Well yes, that's what it is. It IS a fancy way of saying you get a penalty when you die.

Except rather than leaving it as a gimmick, I go one step further and say you also design the game around the fact that you will die. Fournicolas said it:
Quote:
Original post by Fournicolas"the best solution is to let the character know for a fact that the character is going to die ANYWAY."

So rather than just leaving it at that death you get a short summary of that characters life edged on a tombstone in your personal or in the city graveyard.
And you may depend on dying to get certain quests or items.

So it's not just a deeper penalty, it also offers a new advantage.

Class idea:

Necromancer:
Not the best character to play as a first, but good if you have a good collection of ancestors. Each level you can choose one ancestor and depending on that ancestor's summary you receive a spell that.

So then Belly the Smithy-Soldier and Fizbin the ice-wizard are your ancestors.
At level 2 you unlock Fizbin and get a frost spell that deals 2 cold damage in an area
At level 3 you unlock Belly and get a spell that can turn metals into random weapons

It would be interesting to tie each class in some way to their ancestors. Priests / necromancers are obvious in communicating with the spiritual world, but if all warriors are shamanistic they too may gain bonuses here and there.

In this way, each time you die, your playtime from last death until that time is recorded and forever resonates during your game.
An idea I have played around with is an (MMO)RPG that is based around the player's family, and NPC followers.

Player starts a new character, and he is the last member of a family. No living relatives, and now landless, but you get to pick family traits. The player can pick from different options like coming from a family of wealthy traders/farmers (giving you bonus skills in dealing with trade and managing land, also bonus starting cash) or a long line of famed warrirors (bonus to player's fighting skills)

Long line of famed Generals (bonus to gathering NPC followers and commanding them in battle) or other similar traits (would take a while to balance the starting) to give different things, like better armour to start with, a better weapon or armour, a little extra gold, maybe a horse, or a few retainers. (I am designing the game to be a little more 'real' basically a sword is a sword. Sure, you can get a cheap one that is harder to use, or a really expensive one that becomes an extension of your arm, but you aren't going to be getting a 'better' weapon twice a day as you play the game, switching weapons would be rather rare)


Your main character will age, and eventually die of something (if he doesn't get a knife in the back before then) so you'll want to arrange for an heir somehow.

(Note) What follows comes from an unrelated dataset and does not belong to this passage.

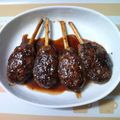 へっぽこmama's cooksnap of when they made さっぱり☆こってり☆やわらかつくね.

Either by joining another, older player, joining up with an NPC house, or buying some land and founding your own house. Find some NPC (if you are just starting you, it is likely to be a commoner. Or you can join a different house and do enough favors for them that they'll allow you to marry a daughter. May also be able to adopt someone that isn't actually of your bloodline as your heir) and start a bloodline.

All bloodlines will have a traitpool (defined when you start the game) traits can be active, or stored inactive ones. Active ones (the traits the player actually has, such as command skills, trade, weapons, etc. But not things like money or weapons, you'll have to buy them) are most likely to be passed on, but every generation the active traits are also put into the pool of inactive traits. Inactive traits have a small chance of poping up in a new character.

Now, much of the game is going to be about politics and trade, and less about questing. The players would be able to really affect the economy, being a noble in a late middle age world, you'll have to deal with peasants, running your estate, and most importantly going to war, and dealing with brigands and uprisings. One of the main goals to the game being to peel your family away from the NPC kingdoms, and hopefully after a time, kill off most of the large NPC familes, and human players trying to gain power and rull a kingdom. (which is very hard, as they would have other human players trying to knock them down, always at risk of NPC peasants uprising, and other kingdoms trying to bite off their land)


So the player would start a bloodline, and after some of their kids are old enough, they can pick an heir. They can keep 1 line (maybe 2) and have limited control over members of their line (may have the player only control their current character, the rest are AI controled, but mostly staying safe. Spending time on the estates, or roaming around the cities/country side.) but the player will have to choose after awhile, which offsprings they want to keep with

Think of a tree structure, each level of the tree can have 1 to 10 offspring from any given node above, so as long as you have your starting character, you can jump over to any of that character's kids (as long as they are of age, late teens) and maybe your first character's kids and their kids, but to use characters from the third generation, you would have to pick one of the first character's kids, cutting off access to anyone from the lines of the other's.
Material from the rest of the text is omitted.